A world-wide manufacturer of solder and chemicals was having problems with the timeliness and quality of product line that was critical to the future of the company. We recommended changes in production methods and process, the organizational structure, and production planning and control. The changes resolved the problems. A few years later, the president asked us to determine how the company could, without increasing cost, drastically reduce lead times so they could charge extra for rush orders. They implemented our recommendations for reconfiguring machinery, changing set-up procedures and procedures for operating machines, and changing procedures for shipping.
The main plant of a 7-plant molder of plastic packaging components and products was experiencing problems shipping accurately and on time. We conducted a study of product and information flow, and made several recommendations: an expanded stocking program; timelier reporting of scrap; using bar code scanning at additional steps; storing products in a way that reduces damage; not printing a pick ticket until it is time to pick (and so avoid losing pick tickets).
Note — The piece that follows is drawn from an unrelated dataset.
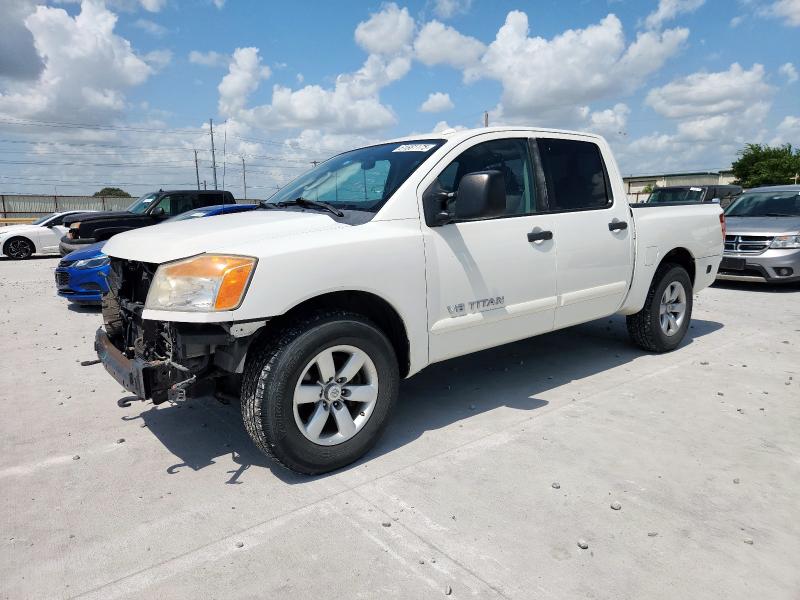 NISSAN TITAN S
An 11-location distributor of paper, janitorial/sanitary supplies, foodservice equipment and disposables was suffering from too many stock outs and too much inventory. We studied the way they purchased and managed inventory, and then showed buyers and product managers how to use their system in different ways to increase the level of customer service while decreasing the level of inventory. We then trained people in the new ways of inventory management, and developed a plan to make the purchasing process much faster and efficient.
A four-location distributor of wood, wood products and other materials to cabinet and furniture manufacturers was suffering from too many stock outs and too much inventory. We showed the buyers how to use their system in different ways to increase the level of customer service while decreasing the level of inventory.
Employees of a multi-location distributor of foodservice equipment and supplies were unable to use a complicated, sophisticated ERP system to effectively manage inventory -- too many stock outs, even though the level of inventory was too high. We carefully studied the system, and determined which parameters needed to be changed, and the values to use. We also created and gave a presentation explaining the impact of the situation, and describing where and how to make the changes. And we defined some new reports and displays that would reduce the time needed to buy product.
Employees of a multi-location distributor of woodworker supplies were unable to use a complicated, sophisticated ERP system to effectively manage inventory -- too many stock outs, even though the level of inventory was too high. We carefully studied the system, and determined which parameters needed to be changed, and the values to use. We also created a lengthy manual for purchasing personnel to use for properly using the system.
A distributor of commercial and residential lighting, including a
showroom, was not happy that customers were calling to tell him that wrong
products were being delivered. I conducted a detailed study of the eight
warehouses, to improve inventory accuracy and customer service, and made 16
recommendations to reduce the rate of mistakes in the warehouses.